Yes, encryption is expensive, and slows down computers and doctors will yell. And there are times when running the business means data remains in an unencrypted state. In a blog posted at Ars Technica, Steven Bellovin, professor of computer science at Columbia University, contends that the most sensitive databases are always in use so they are effectively decrypted. In these cases, access control must be far more robust than it was at Anthem.

But every type of business has a cost of business, and encryption where possible has to become one of the costs for healthcare. Many years ago, the government made a deal to license the use of SNOMED CT, enabling the industry to use the coding set for free. Not many healthcare organizations took advantage of the freebie, but maybe that is a model the government can use to make encryption more affordable and doable.

Government agencies that regulate other industries also must get far more aggressive on encryption. So many Americans have been affected by breaches in the financial and retail industries, and while those and other industries already have better security than healthcare, the risks faced by the public are still unacceptable.

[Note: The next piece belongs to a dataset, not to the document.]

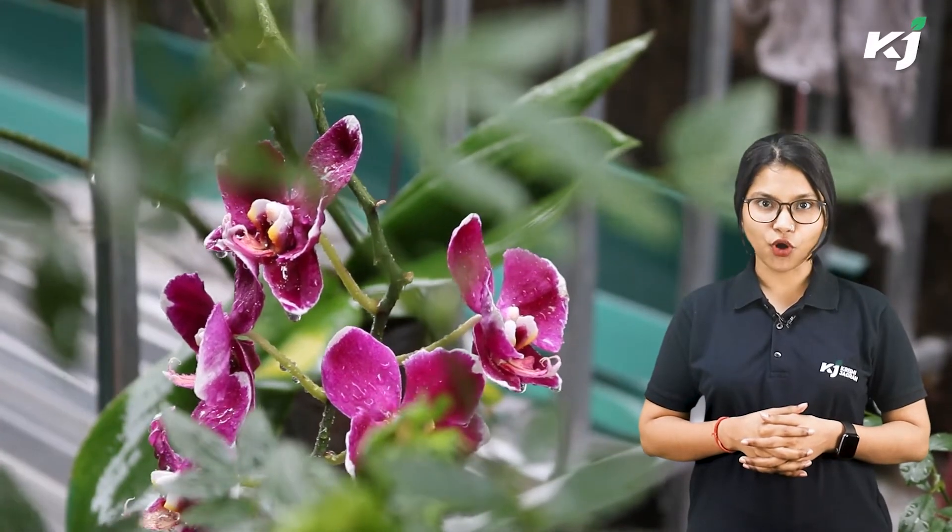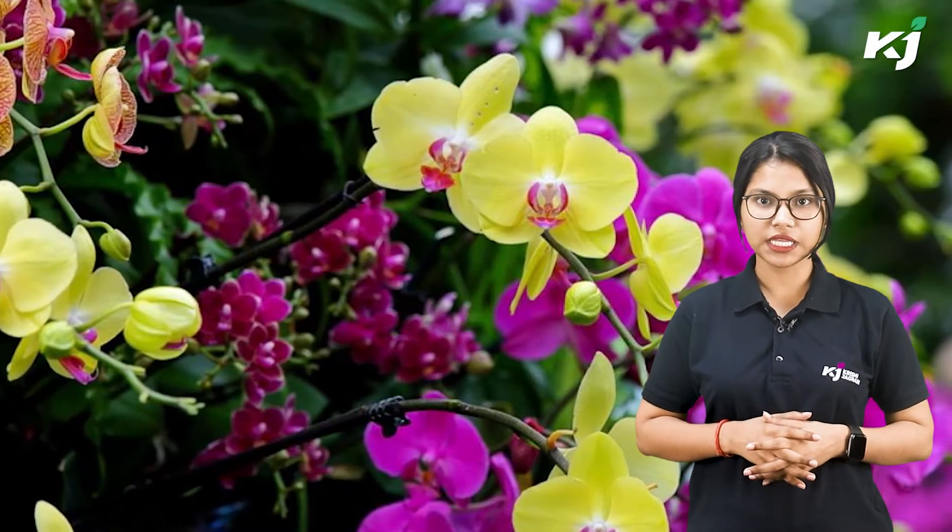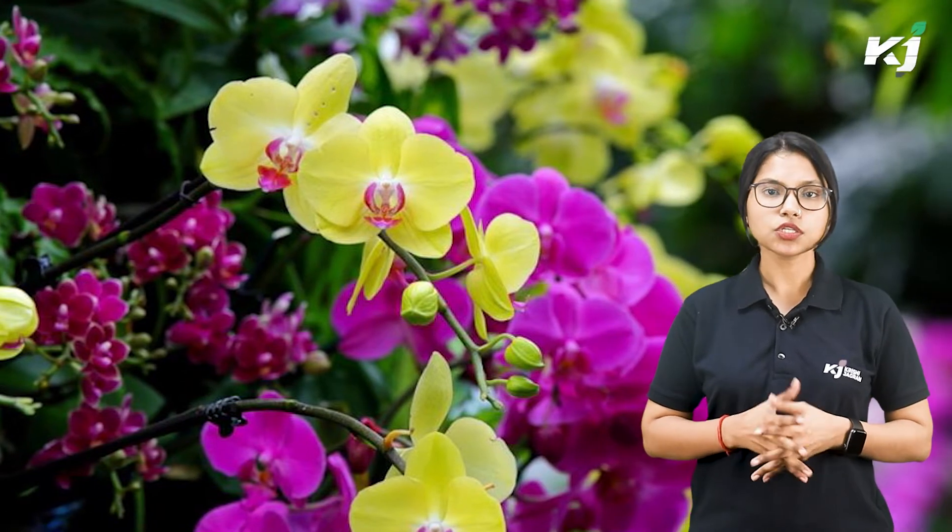Orchids come in a wide variety of forms and colors, and there are around 20,000 to 30,000 varieties to pick from, making each house or office unique. Most orchids are epiphytes, meaning they have roots that grow in the air rather than on the ground. They also prefer high humidity levels, and their root system takes nutrients directly from the air.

In healthcare, a ton of work remains to secure PHI and on Feb. 5 it became clear that the industry and government must respond. To fail would imperil industry moves toward accountable care, population health management and value-based reimbursement, all of which require substantial use of PHI.

How do we engage patients and liberally use their PHI for data analysis and other functions if we can’t protect the data? HHS Secretary Sylvia Burwell may have thought there were higher priorities under health reform than encryption and there surely were. But not now.